From the data, return each line holding the word "Framed".

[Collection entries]
━━━━━━━━━━

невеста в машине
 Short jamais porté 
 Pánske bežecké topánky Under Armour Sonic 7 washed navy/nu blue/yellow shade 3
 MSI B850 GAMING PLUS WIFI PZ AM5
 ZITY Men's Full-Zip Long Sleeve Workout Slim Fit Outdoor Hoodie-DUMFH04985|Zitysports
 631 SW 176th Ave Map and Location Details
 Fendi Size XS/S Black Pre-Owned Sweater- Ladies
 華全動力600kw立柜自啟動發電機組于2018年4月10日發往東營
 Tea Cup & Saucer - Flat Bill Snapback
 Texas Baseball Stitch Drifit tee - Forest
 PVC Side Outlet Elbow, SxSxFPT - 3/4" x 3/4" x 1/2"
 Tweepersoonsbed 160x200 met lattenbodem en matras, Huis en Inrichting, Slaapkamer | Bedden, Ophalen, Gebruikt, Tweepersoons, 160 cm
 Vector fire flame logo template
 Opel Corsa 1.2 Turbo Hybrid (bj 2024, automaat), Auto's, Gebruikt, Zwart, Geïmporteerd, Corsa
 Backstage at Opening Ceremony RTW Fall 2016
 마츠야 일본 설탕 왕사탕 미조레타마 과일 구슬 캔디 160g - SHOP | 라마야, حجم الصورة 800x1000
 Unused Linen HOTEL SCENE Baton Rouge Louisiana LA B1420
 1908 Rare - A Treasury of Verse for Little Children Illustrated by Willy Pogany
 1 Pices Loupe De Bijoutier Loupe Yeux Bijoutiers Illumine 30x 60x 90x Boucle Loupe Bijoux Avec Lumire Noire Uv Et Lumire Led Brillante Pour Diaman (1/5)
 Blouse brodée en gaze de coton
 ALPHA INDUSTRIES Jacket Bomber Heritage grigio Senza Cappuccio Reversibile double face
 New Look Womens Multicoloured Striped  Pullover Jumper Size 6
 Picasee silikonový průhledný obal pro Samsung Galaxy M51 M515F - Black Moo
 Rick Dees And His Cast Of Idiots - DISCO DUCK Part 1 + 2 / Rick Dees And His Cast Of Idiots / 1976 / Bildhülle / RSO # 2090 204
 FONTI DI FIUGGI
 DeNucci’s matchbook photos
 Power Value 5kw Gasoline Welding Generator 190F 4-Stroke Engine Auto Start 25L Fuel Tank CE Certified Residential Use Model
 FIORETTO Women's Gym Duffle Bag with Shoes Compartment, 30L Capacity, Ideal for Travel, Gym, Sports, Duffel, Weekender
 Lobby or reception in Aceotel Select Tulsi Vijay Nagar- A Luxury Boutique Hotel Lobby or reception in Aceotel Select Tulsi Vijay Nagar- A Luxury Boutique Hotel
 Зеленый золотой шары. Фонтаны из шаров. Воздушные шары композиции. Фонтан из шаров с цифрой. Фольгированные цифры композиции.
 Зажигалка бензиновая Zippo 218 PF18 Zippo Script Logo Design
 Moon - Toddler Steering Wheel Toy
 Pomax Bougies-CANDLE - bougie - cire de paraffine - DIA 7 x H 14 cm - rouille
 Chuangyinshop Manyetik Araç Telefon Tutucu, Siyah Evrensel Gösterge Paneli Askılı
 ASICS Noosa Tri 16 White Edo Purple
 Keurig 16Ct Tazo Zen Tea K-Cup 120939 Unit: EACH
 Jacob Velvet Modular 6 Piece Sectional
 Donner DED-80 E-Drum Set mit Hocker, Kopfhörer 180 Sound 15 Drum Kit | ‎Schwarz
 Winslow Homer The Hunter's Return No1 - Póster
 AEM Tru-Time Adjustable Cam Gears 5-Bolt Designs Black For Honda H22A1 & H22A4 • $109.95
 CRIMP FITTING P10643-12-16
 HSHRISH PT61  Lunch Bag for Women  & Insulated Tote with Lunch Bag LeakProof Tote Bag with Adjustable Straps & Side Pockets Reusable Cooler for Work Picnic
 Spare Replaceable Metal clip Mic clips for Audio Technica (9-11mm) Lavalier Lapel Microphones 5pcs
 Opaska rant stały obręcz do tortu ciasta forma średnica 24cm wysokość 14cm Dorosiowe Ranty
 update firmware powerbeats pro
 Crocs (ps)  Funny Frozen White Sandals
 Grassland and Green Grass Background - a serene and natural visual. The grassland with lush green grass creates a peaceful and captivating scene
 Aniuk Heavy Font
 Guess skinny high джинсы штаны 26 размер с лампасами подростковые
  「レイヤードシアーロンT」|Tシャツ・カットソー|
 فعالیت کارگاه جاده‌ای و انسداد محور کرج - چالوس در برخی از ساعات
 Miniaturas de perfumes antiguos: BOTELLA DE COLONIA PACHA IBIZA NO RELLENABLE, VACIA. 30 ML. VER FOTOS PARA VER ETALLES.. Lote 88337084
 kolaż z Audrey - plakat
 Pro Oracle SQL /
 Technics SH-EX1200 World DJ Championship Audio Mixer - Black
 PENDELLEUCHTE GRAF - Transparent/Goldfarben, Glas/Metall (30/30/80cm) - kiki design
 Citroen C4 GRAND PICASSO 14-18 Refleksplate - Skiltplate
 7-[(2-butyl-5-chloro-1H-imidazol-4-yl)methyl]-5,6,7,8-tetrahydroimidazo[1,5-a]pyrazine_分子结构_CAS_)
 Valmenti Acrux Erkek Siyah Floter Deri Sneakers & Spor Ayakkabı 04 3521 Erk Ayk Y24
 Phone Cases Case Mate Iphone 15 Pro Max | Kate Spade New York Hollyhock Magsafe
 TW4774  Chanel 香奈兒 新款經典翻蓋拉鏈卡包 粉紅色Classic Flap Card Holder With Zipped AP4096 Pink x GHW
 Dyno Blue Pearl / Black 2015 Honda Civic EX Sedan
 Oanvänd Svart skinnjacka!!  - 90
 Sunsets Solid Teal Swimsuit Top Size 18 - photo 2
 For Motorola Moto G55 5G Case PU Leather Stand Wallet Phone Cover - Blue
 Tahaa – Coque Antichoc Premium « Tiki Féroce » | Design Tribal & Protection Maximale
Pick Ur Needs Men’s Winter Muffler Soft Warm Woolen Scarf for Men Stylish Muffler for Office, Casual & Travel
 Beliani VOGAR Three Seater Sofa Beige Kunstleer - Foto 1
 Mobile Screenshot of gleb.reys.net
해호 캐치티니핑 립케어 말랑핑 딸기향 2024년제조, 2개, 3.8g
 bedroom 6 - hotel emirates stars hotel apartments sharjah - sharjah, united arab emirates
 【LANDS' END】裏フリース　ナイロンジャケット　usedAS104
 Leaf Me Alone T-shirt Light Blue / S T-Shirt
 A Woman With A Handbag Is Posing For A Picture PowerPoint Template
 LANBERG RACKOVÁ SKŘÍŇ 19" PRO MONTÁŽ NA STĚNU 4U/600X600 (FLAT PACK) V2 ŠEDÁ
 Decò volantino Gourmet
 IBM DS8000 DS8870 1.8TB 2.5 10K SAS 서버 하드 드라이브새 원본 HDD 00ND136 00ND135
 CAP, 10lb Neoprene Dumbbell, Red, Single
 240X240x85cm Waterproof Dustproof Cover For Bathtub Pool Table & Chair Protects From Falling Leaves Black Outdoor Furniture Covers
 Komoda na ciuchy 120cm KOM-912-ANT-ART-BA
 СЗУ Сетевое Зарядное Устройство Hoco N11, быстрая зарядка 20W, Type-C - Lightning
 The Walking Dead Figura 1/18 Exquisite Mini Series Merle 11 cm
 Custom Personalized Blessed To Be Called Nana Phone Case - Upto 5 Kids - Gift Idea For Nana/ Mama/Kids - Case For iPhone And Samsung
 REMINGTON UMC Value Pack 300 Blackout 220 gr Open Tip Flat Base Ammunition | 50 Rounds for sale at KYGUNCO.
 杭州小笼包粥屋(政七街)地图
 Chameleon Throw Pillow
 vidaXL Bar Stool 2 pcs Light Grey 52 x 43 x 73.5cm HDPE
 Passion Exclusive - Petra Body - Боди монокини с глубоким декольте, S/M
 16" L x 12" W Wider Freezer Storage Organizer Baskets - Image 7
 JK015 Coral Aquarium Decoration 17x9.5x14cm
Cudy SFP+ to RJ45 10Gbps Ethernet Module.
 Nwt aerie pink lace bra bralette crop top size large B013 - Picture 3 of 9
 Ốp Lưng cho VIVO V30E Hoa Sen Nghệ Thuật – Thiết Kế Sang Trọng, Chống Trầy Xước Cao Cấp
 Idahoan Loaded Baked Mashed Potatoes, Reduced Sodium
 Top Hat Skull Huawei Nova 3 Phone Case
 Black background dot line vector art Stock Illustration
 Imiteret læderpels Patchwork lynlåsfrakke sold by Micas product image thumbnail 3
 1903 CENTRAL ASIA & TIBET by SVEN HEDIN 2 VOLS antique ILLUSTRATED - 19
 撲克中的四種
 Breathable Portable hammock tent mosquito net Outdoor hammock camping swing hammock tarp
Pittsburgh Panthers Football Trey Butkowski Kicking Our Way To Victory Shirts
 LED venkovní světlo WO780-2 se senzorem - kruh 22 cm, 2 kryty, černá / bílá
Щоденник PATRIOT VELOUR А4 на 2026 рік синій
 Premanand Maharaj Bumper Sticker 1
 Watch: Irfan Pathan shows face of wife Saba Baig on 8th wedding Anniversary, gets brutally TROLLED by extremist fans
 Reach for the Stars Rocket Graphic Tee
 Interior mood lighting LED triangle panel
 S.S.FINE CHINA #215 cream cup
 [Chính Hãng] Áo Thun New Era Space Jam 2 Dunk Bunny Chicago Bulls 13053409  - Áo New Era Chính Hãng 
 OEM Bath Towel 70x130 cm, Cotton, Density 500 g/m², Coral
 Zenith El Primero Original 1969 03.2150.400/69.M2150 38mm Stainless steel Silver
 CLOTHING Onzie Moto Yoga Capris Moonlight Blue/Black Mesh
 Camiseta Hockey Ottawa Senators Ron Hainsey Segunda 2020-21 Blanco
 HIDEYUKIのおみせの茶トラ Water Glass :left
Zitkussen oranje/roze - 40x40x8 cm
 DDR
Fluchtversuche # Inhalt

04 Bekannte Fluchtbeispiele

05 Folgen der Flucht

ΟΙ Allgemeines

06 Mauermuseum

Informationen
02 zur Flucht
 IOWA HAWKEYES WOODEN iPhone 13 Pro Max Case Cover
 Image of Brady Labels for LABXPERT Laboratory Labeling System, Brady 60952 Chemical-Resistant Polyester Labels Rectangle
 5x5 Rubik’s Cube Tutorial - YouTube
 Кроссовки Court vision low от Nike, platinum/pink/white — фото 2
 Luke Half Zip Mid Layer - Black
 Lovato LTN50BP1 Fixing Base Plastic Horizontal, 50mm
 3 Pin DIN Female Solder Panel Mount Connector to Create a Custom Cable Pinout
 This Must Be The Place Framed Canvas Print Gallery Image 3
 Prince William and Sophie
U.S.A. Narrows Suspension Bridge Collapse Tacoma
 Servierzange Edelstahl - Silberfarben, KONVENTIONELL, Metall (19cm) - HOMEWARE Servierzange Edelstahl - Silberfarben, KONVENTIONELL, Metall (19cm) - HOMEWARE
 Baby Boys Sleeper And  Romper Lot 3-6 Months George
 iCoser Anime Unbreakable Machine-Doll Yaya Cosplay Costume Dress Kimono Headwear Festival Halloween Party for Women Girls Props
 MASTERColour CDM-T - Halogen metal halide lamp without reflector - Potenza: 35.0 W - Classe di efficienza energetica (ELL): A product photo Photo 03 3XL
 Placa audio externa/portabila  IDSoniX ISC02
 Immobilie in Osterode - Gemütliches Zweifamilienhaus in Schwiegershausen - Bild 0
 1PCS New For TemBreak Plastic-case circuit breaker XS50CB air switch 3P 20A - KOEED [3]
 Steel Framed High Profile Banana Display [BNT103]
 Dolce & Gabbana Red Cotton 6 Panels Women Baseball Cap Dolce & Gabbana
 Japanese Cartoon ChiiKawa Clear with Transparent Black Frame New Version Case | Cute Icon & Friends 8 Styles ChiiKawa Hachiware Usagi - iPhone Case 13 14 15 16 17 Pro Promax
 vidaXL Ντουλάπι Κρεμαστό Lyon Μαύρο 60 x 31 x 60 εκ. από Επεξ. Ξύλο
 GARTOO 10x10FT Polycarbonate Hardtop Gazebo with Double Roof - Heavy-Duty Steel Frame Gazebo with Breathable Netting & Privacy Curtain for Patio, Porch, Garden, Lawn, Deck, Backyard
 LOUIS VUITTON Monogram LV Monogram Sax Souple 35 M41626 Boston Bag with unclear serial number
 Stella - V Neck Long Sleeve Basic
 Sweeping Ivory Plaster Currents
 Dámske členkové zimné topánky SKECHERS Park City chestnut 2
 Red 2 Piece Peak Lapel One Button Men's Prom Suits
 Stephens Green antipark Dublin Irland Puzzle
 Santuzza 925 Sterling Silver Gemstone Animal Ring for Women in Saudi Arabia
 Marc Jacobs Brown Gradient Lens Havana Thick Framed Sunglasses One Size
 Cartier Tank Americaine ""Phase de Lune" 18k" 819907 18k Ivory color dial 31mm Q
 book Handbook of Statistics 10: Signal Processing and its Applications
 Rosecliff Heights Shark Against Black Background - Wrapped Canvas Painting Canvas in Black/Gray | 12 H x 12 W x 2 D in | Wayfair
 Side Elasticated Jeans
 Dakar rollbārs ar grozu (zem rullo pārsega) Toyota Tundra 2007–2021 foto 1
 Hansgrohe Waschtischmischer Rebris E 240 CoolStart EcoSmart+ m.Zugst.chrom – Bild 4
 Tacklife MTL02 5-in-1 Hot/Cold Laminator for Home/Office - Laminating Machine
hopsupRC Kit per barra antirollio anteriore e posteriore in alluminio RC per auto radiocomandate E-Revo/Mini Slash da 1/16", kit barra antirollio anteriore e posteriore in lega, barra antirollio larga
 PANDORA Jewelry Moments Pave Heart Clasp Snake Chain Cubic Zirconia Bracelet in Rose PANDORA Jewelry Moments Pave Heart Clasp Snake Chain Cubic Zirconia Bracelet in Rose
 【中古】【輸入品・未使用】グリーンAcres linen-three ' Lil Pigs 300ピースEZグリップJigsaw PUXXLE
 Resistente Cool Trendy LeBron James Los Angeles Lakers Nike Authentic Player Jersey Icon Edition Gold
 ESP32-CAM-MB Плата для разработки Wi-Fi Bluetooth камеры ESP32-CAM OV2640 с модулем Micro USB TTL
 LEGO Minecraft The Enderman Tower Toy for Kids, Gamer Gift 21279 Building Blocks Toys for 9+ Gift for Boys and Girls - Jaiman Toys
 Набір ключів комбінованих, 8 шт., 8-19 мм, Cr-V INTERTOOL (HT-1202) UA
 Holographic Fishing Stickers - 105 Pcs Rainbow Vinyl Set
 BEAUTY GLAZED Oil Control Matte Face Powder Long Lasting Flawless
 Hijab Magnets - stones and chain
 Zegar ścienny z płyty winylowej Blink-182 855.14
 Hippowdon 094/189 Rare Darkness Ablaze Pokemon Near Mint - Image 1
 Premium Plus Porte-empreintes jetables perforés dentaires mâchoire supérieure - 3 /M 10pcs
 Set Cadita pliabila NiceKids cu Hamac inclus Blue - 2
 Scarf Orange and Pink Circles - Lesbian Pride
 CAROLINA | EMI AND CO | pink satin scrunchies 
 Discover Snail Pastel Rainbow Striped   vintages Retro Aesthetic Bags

━━━━━━━━━━

• _Exercise solution_
 This Must Be The Place Framed Canvas Print Gallery Image 3
 Steel Framed High Profile Banana Display [BNT103]
 Marc Jacobs Brown Gradient Lens Havana Thick Framed Sunglasses One Size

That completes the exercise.